It is with respect to the women who may have been present that we start to encounter a problem. There is very little evidence of Henry having much to do with women at this time in his life. This was certainly due in part to the nature of the court of an unmarried king, and it is undoubtedly a consequence of the sorts of evidence that have survived. But it also seems to be due in part to the king himself. He did not sleep with women, and he seems to have spent little time in their company. He did not tolerate prostitutes in the royal household (unlike some of his forebears).38 His petite stepmother, Queen Joan, might have been seated near him on the daïs that Christmas, but if so she was there as a guest; she was not a member of the royal household.39 It is possible that Henry’s aunt, Elizabeth, wife of Sir John Cornwaille, was present. The dowager duchess of York, now married to Henry’s friend Lord Scrope, might also have been in the hall. But it is difficult to identify many other women who might have been there as guests. Henry waschivalrous towards women, but he was not close to them. He mentioned more than forty people in his will by name, but only two were women – his grandmother and his stepmother – and the reference to his stepmother, Queen Joan, was more out of duty than affection. He was single, celibate, facially disfigured, somewhat aloof and obsessed with religion, justice and war. In this respect it is interesting to see how determined he was to marry a French princess whom he had never met, and who was still sexually immature, rather than a woman of his own age to whom he was already close. Most of his predecessors had married for love – including his father, grandfather (John of Gaunt) and great-grandfather (Edward III) – but Henry was not so inclined.
*
On the night of 20 March 1413, after his father had breathed his last in the Jerusalem Chamber at Westminster, Henry had left his brother Humphrey and his stepmother, and gone into the abbey alone. Although he was king, the actual first day of his reign would be the following day, in accordance with tradition. He would take no royal actions on the day of his father’s death, other than to issue the traditional order for the ports to be closed, to stop the enemies of England taking advantage of a transition in their government.
In the abbey he walked by candlelight among the silent tombs of his ancestors.

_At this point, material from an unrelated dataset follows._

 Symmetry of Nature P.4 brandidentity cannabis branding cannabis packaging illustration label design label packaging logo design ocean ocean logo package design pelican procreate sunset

Here was the jewel-encrusted shrine of Saint Edward the Confessor, founder of the abbey. There was the tomb of Henry III, the king who had rebuilt the abbey on a lavish scale. Under a plain black slab beside him was his son, Edward I, the most formidable warrior of his age. Opposite Edward I was the tomb of Richard II and his wife, Anne, although at that point Richard’s body was still at Langley and had yet to be placed in the tomb. And next to Richard, surrounded by figures of all twelve of his children, there was the great Edward III, the king who had been prophesied to be a new King Arthur: who had defeated the Scots and French in battle repeatedly, who had reclaimed his French inheritance, and built such magnificent palaces as Queenborough Castle and the royal apartments of Windsor Castle. He had introduced a considerable programme of new legislation, delivered justice for his people, and created a sense that England was a kingdom of the first importance. Men sang songs about him, and based their stories of King Arthur on him. He had become the very epitome of great kingship.
Henry walked through to the south transept of the abbey church. Here in a cell near St Benet’s chapel, there lived a hermit, called William Alnwick.40 Henry sat down and began talking to him. He remained there all night. The personal qualities of a king, especially the king’s morality, may well have entered the conversation. The duty of a king to prevent conflict among the nobles – the principal exhortation to kings for at least the last century – perhaps also entered the debate. Perhaps Henry’s father had mentioned the same matter to him on his deathbed, having been worried that Henry and his brother Thomas would end up fighting for the crown.41 There were certainly nobles who thought that the earl of March should be king. Even at that moment there was a protester, John Whytlock, taking sanctuary in the precincts of that same church. He had raised the old cry ‘King Richard is alive!’ This was tantamount to declaring that the Lancastrians had no right to the throne. Such a declaration on the eve of the new reign was not a good sign.42
Worse portents were to follow. A blizzard struck as Henry made the traditional procession from the Tower of London to Westminster before his coronation in early April, and the snows continued to fall in some counties for two days, covering men and animals. The chronicler John Strecche declared the heavy hail that day as exceeding anything since the days of the legendary ancient British king, King Lear!43 The interpretation of some contemporaries was that this reign would be cold and stern. Henry ate nothing through the whole feast that followed his coronation. If that was a penitential fast, it did no good. The summer of 1413 was one of excessive heat and widespread sicknesses. Terrible fires broke out at Norwich, Tewkesbury and Robertsbridge. The autumn saw another destructive hailstorm, and the winter was no better. Three days after Christmas the church of St Giles at Winchelsea was struck by lightning.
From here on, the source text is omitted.